Ransomware attacks and the ensuing fallout – including payments – involve several moving elements, and it’s difficult to capture the full impact. While the $1.1 billion in ransomware payments shows the total value received by ransomware actors in 2023, that number does not reflect the economic impact for targeted businesses, in terms of loss of productivity or the cost of remediation. The impact to organizations that did not pay the ransom is also not reflected here. As Chainalysis pointed out, when MGM Resorts International was hit by a ransomware attack in September, the organization did not pay – but it still revealed in a Form 8-K that the incident would cost approximately $100 million.
In 2022, the $567 million in ransomware payments received by attackers was considered a marked drop from the $983 million recorded in 2021. However, this past year shows that 2022 was an outlier as opposed to an continuing downward trend. Chainalysis said one factor here was the Russian-Ukraine conflict in 2022, which may have led threat actors to shift their goal from one of financial gain to more politically motivated attacks, impacting the ransomware market.
“Investments in cybersecurity and security training can go a long way in protecting these organizations from devastating attacks.”

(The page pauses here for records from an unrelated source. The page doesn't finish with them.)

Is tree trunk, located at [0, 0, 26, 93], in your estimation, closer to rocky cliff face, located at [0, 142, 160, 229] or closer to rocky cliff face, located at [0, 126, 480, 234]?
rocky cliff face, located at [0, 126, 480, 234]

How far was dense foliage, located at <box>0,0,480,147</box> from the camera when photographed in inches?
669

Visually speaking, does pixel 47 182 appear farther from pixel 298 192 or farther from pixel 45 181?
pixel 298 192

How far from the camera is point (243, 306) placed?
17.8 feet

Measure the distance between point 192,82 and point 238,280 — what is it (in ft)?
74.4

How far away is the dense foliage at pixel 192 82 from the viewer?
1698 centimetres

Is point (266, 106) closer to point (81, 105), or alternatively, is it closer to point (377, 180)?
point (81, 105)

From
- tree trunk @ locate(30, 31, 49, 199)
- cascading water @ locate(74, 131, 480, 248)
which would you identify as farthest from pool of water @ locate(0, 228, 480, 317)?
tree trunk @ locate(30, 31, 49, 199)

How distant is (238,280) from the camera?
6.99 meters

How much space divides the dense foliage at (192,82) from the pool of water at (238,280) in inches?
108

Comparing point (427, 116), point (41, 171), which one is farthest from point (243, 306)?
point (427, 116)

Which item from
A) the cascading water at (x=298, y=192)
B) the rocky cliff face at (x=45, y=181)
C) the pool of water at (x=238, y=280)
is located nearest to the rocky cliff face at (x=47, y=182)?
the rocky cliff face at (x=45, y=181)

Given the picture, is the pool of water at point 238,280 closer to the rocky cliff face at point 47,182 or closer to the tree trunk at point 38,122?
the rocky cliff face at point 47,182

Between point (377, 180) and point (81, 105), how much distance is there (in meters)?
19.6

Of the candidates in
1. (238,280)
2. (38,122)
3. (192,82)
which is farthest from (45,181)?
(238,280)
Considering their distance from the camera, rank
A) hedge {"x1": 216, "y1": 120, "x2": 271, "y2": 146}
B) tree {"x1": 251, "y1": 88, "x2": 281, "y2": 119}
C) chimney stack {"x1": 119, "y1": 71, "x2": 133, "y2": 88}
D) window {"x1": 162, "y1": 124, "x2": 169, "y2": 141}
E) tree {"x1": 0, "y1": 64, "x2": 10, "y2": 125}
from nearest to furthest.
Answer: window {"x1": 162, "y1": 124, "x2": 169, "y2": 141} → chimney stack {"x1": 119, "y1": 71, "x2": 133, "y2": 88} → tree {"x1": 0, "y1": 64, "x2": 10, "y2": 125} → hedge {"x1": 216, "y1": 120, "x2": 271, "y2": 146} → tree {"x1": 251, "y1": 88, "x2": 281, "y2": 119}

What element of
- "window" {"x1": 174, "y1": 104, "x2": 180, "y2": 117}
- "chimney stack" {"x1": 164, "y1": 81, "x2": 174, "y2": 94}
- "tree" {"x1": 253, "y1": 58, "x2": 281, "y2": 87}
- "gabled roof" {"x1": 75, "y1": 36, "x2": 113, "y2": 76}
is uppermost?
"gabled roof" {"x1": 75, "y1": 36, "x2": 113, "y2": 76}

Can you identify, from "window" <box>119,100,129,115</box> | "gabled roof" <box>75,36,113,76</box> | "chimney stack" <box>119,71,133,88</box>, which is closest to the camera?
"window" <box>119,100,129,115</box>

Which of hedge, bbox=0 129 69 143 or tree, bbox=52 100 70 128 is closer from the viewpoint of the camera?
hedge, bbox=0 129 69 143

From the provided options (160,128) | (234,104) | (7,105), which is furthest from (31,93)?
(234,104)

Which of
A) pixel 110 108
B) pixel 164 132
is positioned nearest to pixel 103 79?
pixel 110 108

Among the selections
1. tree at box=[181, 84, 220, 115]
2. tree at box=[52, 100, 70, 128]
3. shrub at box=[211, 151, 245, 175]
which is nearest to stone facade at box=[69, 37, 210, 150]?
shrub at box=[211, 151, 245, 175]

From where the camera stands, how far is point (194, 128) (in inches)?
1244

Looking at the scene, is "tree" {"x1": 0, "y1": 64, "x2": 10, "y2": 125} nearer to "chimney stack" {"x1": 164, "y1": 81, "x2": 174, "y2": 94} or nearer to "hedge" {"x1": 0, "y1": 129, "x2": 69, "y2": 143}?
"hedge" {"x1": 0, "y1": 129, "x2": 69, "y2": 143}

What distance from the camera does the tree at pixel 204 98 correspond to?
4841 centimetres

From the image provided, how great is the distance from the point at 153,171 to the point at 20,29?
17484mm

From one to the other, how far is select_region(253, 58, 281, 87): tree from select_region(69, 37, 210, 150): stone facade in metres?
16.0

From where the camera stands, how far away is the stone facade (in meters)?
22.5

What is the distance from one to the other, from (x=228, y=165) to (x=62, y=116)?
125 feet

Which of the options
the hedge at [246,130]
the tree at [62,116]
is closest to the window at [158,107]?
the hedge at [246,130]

At a high level, the U.S. government has been working to tackle the issue of ransomware through attempting to build closer partnerships with the private sector as well as imposing sanctions on ransomware group members. The latter measure in theory would help curb ransomware by barring companies from paying them. However, Chainalysis’ report outlines a significant hurdle: Cybercriminals are rebranding or using other types of ransomware, making it impossible to enforce the sanctions.
For instance, after the Treasury Department in 2022 imposed sanctions on Evil Corp members for their roles involving the Dridex malware, actors affiliated with this group stopped using Dridex as much and instead developed new ransomware families in order to obscure attribution.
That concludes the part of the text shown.